> Exercise
Begin your copy at the line that holds "A dramatic indoor" and carry it through the final line of the data, writing out each line exactly and omitting pictures.

Raw data Block Start

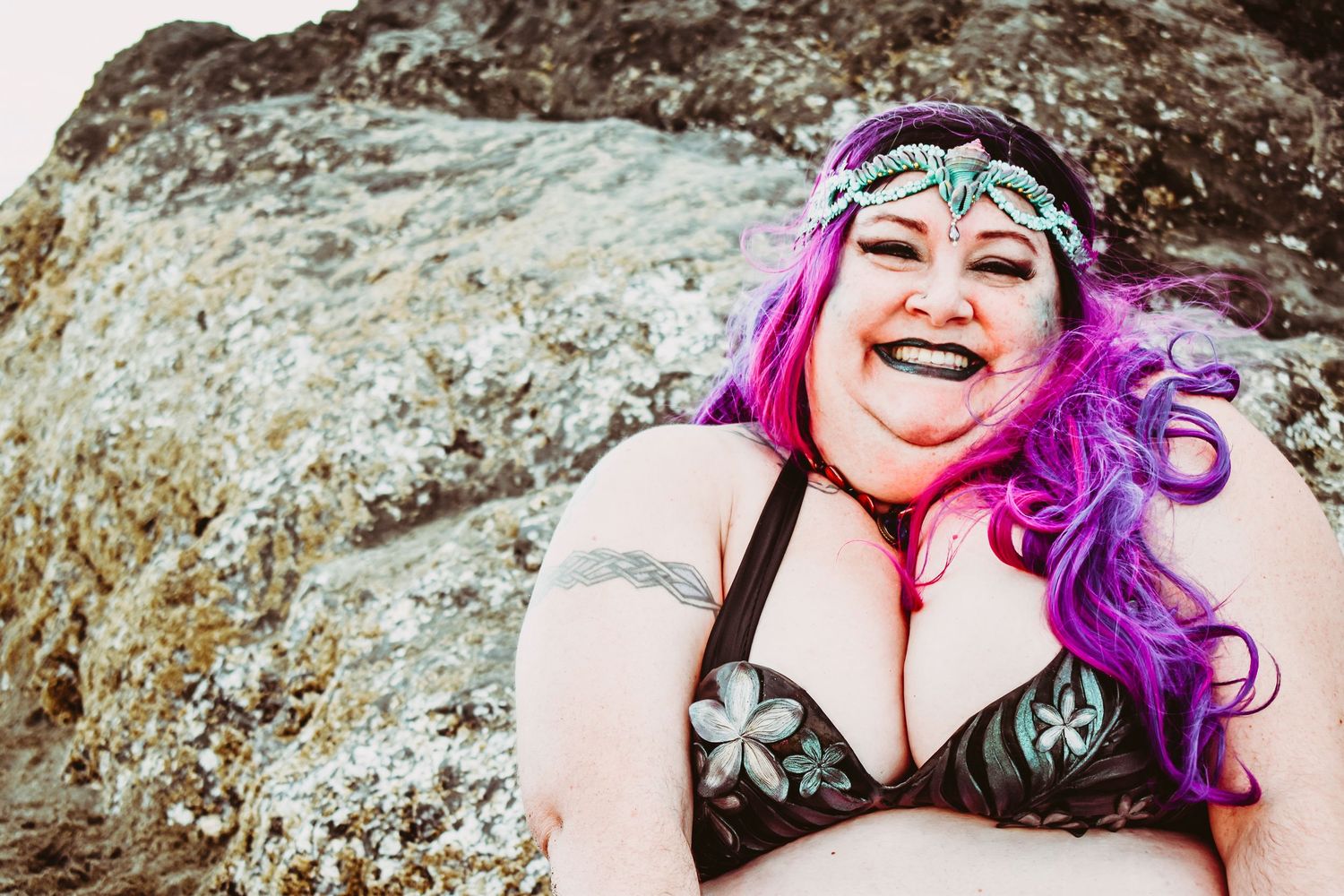 A person with vibrant purple hair poses against rocky terrain in a boudoir photoshoot outdoors.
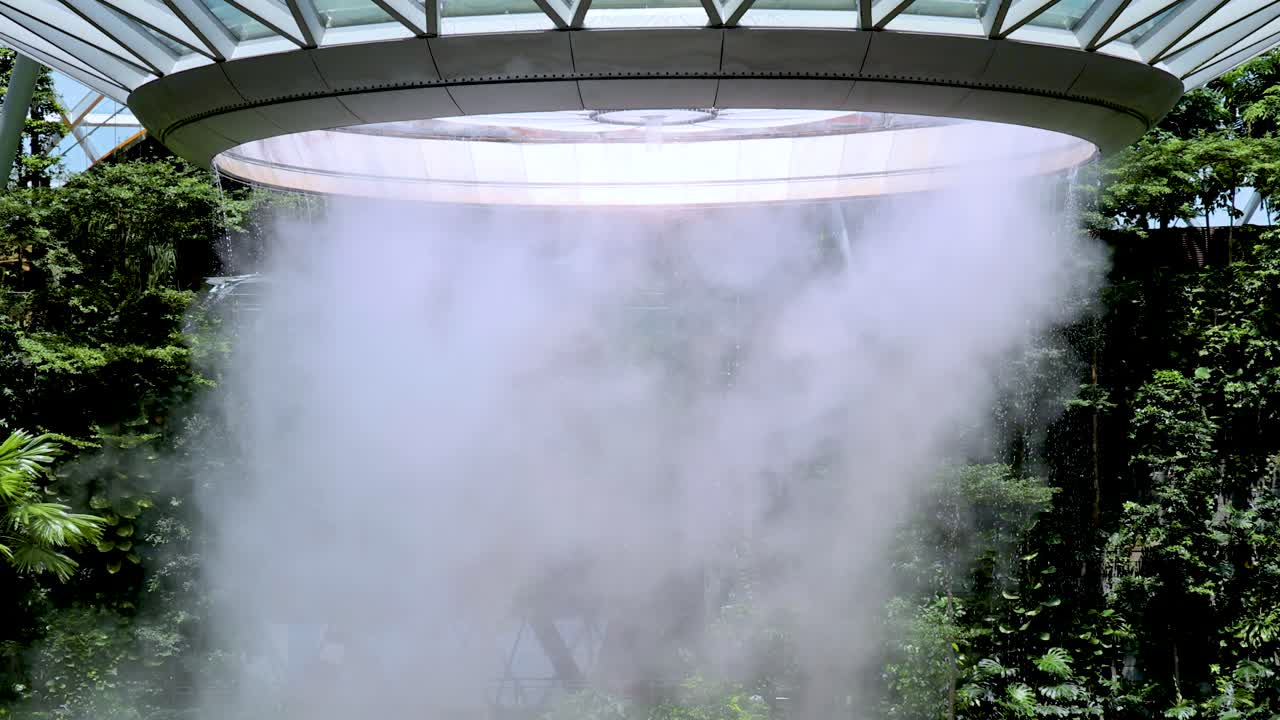 A dramatic indoor waterfall pours from a circular skylight into a verdant, glass-roofed conservatory, surrounded by dense tropical foliage and natural daylight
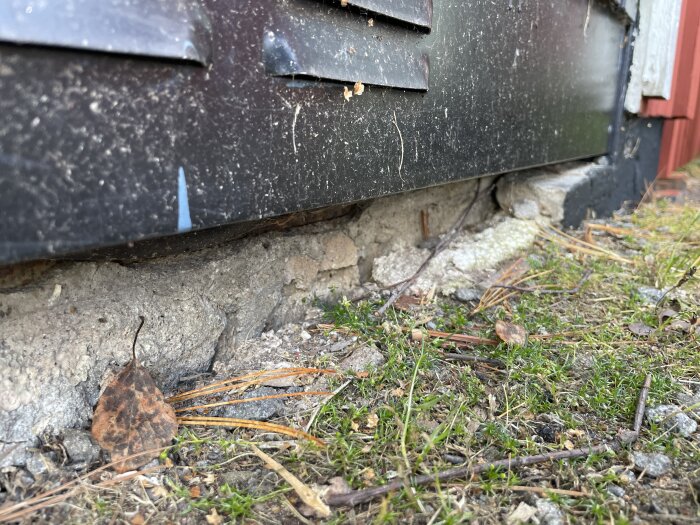 Spruckna skikt vid garagets fundament med lös isolering och synlig spricka mellan betongplattan och yttre delen av konstruktionen.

Raw data Block End

> Exercise output
 A dramatic indoor waterfall pours from a circular skylight into a verdant, glass-roofed conservatory, surrounded by dense tropical foliage and natural daylight
 Spruckna skikt vid garagets fundament med lös isolering och synlig spricka mellan betongplattan och yttre delen av konstruktionen.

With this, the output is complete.